GitHub Actions Matrix Builds and Parallel Test Sharding

GitHub Actions Matrix Builds and Parallel Test Sharding

February 25, 2022 · 6 min read · by Muhammad Amal programming

TL;DR — Matrix builds run the same job N times with different parameters. Use them to test multiple Go versions, multiple OSes, or to shard a slow test suite across parallel runners. Three lines of YAML for what would otherwise be a copy-paste mess.

After the caching post, the next CI scaling lever is parallelism. GitHub Actions runs jobs in parallel by default; what most people don’t fully use is the matrix feature that turns one job definition into N parallel runs.

I use matrix builds for three things: testing across multiple Go versions, testing across OSes when relevant, and sharding a big test suite across parallel runners to cut wall-clock time. This post covers each.

Pattern 1 — Multi-version Go testing

If you maintain a library that needs to support multiple Go versions, matrix is the right tool:

jobs:
  test:
    runs-on: ubuntu-22.04
    strategy:
      matrix:
        go-version: ['1.17', '1.18']
    steps:
      - uses: actions/checkout@v3
      - uses: actions/setup-go@v3
        with:
          go-version: ${{ matrix.go-version }}
          cache: true
      - run: go test -race -count=1 ./...

This runs the same job twice in parallel, once per Go version. The Go 1.18 entry will pull the latest 1.18.x (1.18 is the next major Go release expected mid-March 2022; for now treat it as RC). Useful for catching incompatibilities early.

For application code (not a library) targeting a single Go version, skip this — you don’t need to test against versions you don’t deploy.

Pattern 2 — Multi-OS testing

If your code runs on more than one OS (CLI tools, anything with filesystem assumptions), matrix the OS:

jobs:
  test:
    runs-on: ${{ matrix.os }}
    strategy:
      matrix:
        os: [ubuntu-22.04, macos-12, windows-2022]
        go-version: ['1.17']
    steps:
      - uses: actions/checkout@v3
      - uses: actions/setup-go@v3
        with:
          go-version: ${{ matrix.go-version }}
      - run: go test -race -count=1 ./...

Three runs in parallel, one per OS. Catches OS-specific issues that local dev on a single machine would miss — path separator differences, file mode/permission differences, line-ending issues.

The two matrices multiply if you list both: 2 Go versions × 3 OSes = 6 parallel jobs.

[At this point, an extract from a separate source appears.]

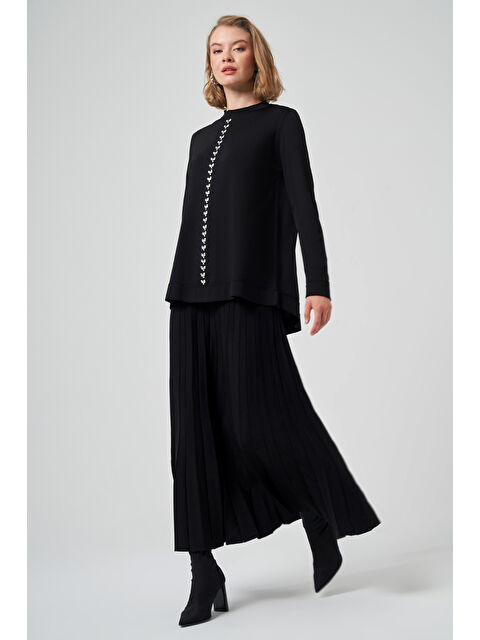 Nuss Taş İşleme Detay Triko Takım 1351  Siyah - S000470809-19351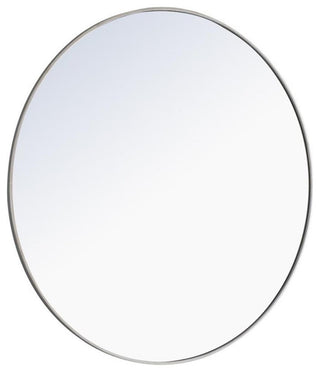 Elegant Decor Eternity 48" Round Metal Frame Mirror in Silver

Use include or exclude to skip unwanted combinations:

strategy:
  matrix:
    os: [ubuntu-22.04, macos-12, windows-2022]
    go-version: ['1.17', '1.18']
    exclude:
      - os: windows-2022
        go-version: '1.18'   # skip this combo

Pattern 3 — Sharding a slow test suite

When go test ./... takes 12 minutes and you want to get under 3, shard it across N runners:

jobs:
  test:
    runs-on: ubuntu-22.04
    strategy:
      matrix:
        shard: [1, 2, 3, 4]
    steps:
      - uses: actions/checkout@v3
      - uses: actions/setup-go@v3
        with:
          go-version: '1.17'
          cache: true
      - run: |
          PACKAGES=$(go list ./... | awk -v shard=${{ matrix.shard }} -v total=4 \
            'NR % total == (shard - 1) % total')
          go test -race -count=1 $PACKAGES

This splits packages across 4 parallel runners by line number — a crude but effective hash. Each runner tests roughly a quarter of packages; wall-clock time drops ~4×.

For a more sophisticated split, tools like tparse or go-test-report can analyze prior runs and partition tests by historical duration so each shard finishes at the same time. Worth the investment when test runtime imbalance becomes the bottleneck.

fail-fast — when to turn it off

Matrix jobs have a fail-fast knob, default true:

strategy:
  fail-fast: false   # default true
  matrix:
    go-version: ['1.17', '1.18']

With fail-fast: true (default), if any matrix entry fails, the others cancel immediately. Saves time when you just need any failure to know the PR is broken.

With fail-fast: false, all entries run to completion regardless. Useful for:

Multi-version testing where you want to see which versions break
Multi-OS testing where you want to see which OS broke
Test sharding where you want a complete failure report rather than partial

Default to true for PR CI (fast feedback). Switch to false for nightly/release builds where complete results matter.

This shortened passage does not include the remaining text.